Key findings: 49% of Maine voters think Collins should vote against Kavanaugh and 56% don’t think she should vote on the nomination until there’s been a full review of Kavanaugh’s documents.
“The Trump administration is moving closer this week to levying tariffs on nearly half of Chinese imports despite broad opposition from U.S. business and the start of a fresh round of talks between the U.S. and China to settle the trade dispute,” the Wall Street Journal reports.
“The twin administration initiatives—pursuing tariffs on $200 billion of Chinese goods while relaunching talks to scrap tariffs—underscore a split within the U.S. administration, with negotiators in the U.S. Treasury Department offering a carrot, while the office of the U.S. trade representative threatens with a stick, both with the approval of President Trump.”
A new NBC News/Marist poll in Illinois finds J.B. Pritzker (D) leads Gov. Bruce Rauner (R) in the governor’s race, 46% to 30%, with Libertarian nominee Kash Jackson at 6%
Rep.
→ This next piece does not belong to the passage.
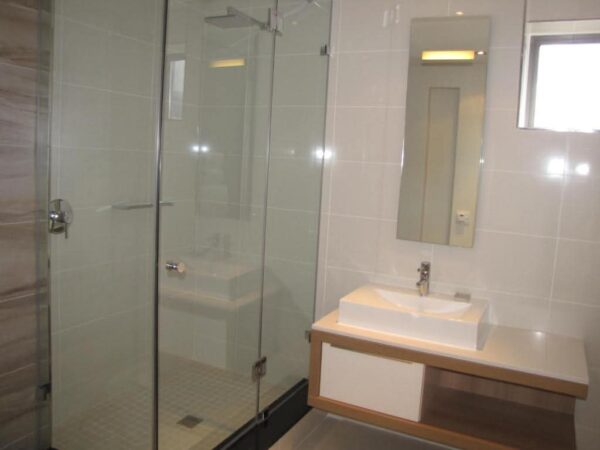 Fourways 2 Beds Apartment - Image 5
Duncan Hunter (R-CA) and wife, Margaret, “were indicted Tuesday on charges related to the misuse of $250,000 worth of campaign funds for personal expenses and the filing of false campaign finance records,” CNN reports.
“The charges of wire fraud, falsifying records, campaign finance violations and conspiracy were the culmination of a Department of Justice investigation that has stretched for more than a year, during which the Republican congressman from California has maintained his innocence.”
Senator Mazie Hirono cancels her meeting with Kavenaugh:
Hirono (D-Hawaii) accused the president of being “an unindicted co-conspirator in a criminal matter” and said he “does not deserve the courtesy of a meeting with his nominee—purposely selected to protect, as we say in Hawaii, his own okole.”
How it’s done, folks.
Senator Ed Markey also now cancelling a meeting with Kavanaugh.